Lin28 is a major regulator of the microRNAs let-7 family[24]. Lin28B is overexpressed in human hepatoma cells and clinical samples[25, 26] by promoting malignant transformation[30, 31], promoting tumor-associated inflammation[27, 28], reprogramming metabolism, obtaining immortality, and avoiding immune destruction[29]. Cheng et al. reported that Lin28B was associated with high tumor grade, large tumor volume, AJCC stage, clinical liver cancer stage, and recurrence in Barcelona. In addition, clinical, epidemiological studies have shown that Lin28B is related to HCC susceptibility and to the overall survival rate of patients[30, 31, 32].
However, several limitations of the current study should be considered. Firstly, our study only focused on the samples from the GSE104580 dataset. The numbers of patients in the Gene Expression Omnibus (GEO) database are relatively small. More patients and clinical information should be collected to validate the stability of the model further. Secondly, some genes might be excluded because of our rigorous screening criteria. Thirdly, our study provides evidence that four novel genes are significantly related to the survival of HCC patients; more experiments will be needed for validation or even correction and confirm the KEGG pathway analysis and GO enrichment results.

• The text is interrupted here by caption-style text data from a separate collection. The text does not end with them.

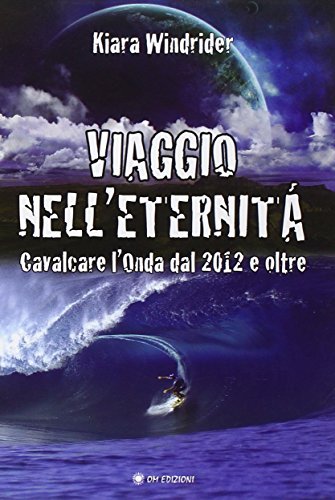 Viaggio Nell'Eternità. Cavalcare L'Onda Del 2012 E Oltre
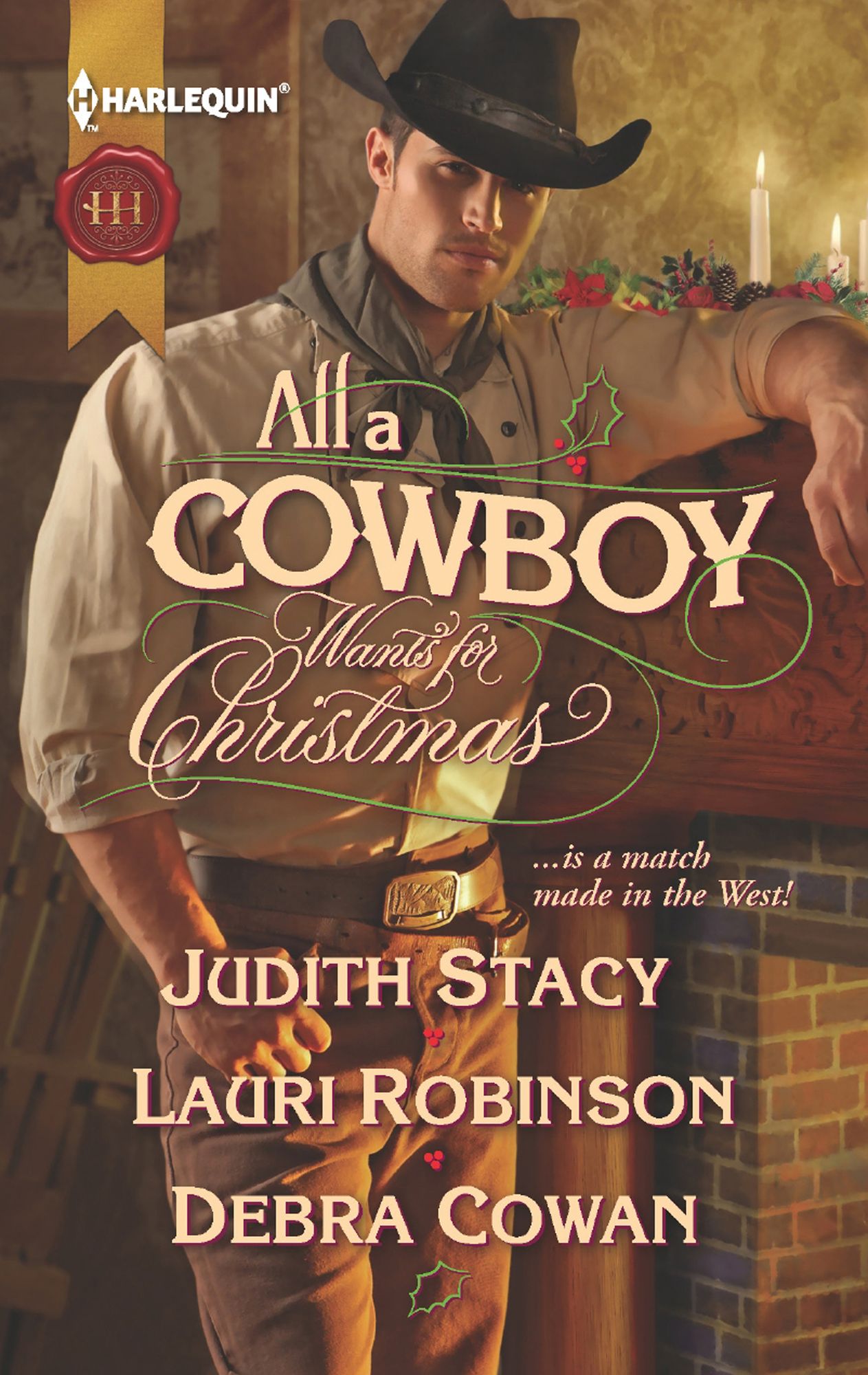 All a Cowboy Wants for Christmas: Waiting for Christmas / His Christmas Wish / Once Upon a Frontier Christmas (Harlequin Historical Series #1107)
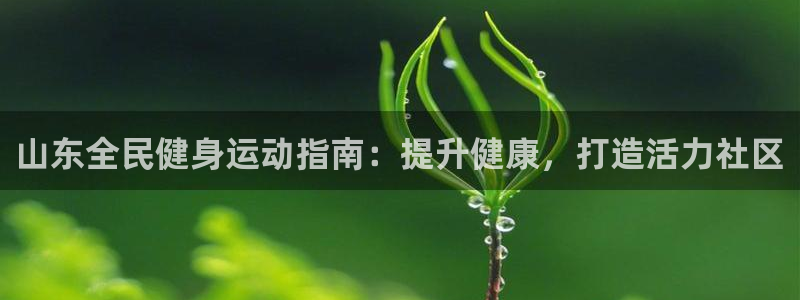 尊龙凯时下载人生就是博：山东全民健身运动指南：提升健康，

In conclusion, we constructed a four-gene predictive model by performing logistic regression analysis and 5-fold cross-validation based on datasets from GEO. The stability and accuracy were further assessed in three independent models. The proposed algorithm obtains stable results with high accuracy and low bias, superior prediction performance is achieved. Future studies suggested that genes from the predictive model are involved in several cancer-related biological processes. This predictive model has provided new insight into the prediction of the effectiveness of TACE and has potential prognostic and therapeutic implications for HCC.

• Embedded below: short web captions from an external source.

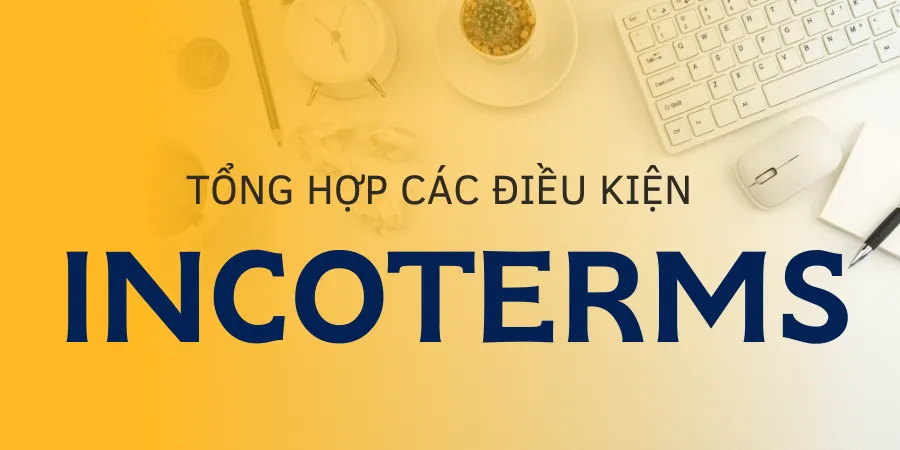 INCOTERMS LÀ GÌ? 11 ĐIỀU KHOẢN DỄ NHỚ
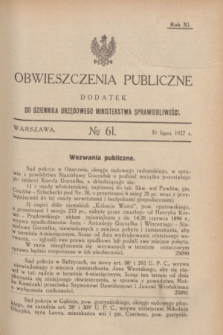 Obwieszczenia Publiczne : dodatek do Dziennika Urzędowego Ministerstwa Sprawiedliwości. R.11, № 61 (30 lipca 1927)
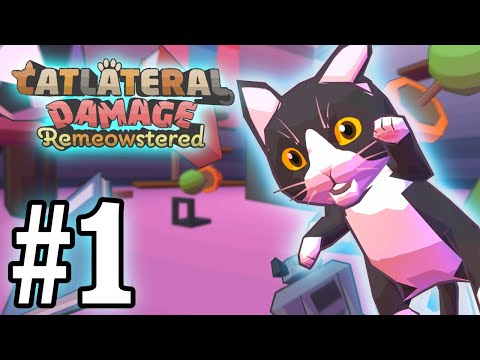 Catlateral Damage: Remeowstered PART 1 Gameplay Walkthrough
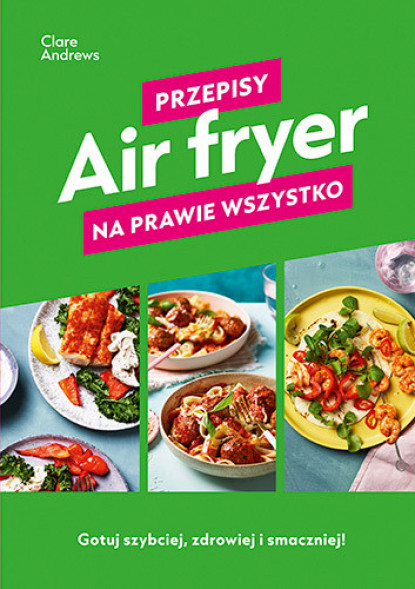 Air fryer. Przepisy na prawie wszystko - Clare Andrews : Przepisy kulinarne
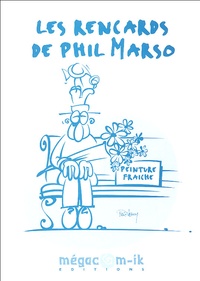 Phil Marso - Les rencards de Phil Marso.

To our best knowledge, this study is the first to use machine learning techniques to predict the effectiveness of TACE in patients with HCC through genes expression. TACE is currently a preferred surgical approach for patients with advanced HCC, but its treatment efficacy varies greatly, and the five-year survival rate is still low. Therefore, it is crucial to predict the therapeutic effectiveness of TACE before operation and establish personalized treatment strategies to manage the prognosis of HCC patients. Thus, our predictive model based on a four-gene signature may have good prospects in clinical practice.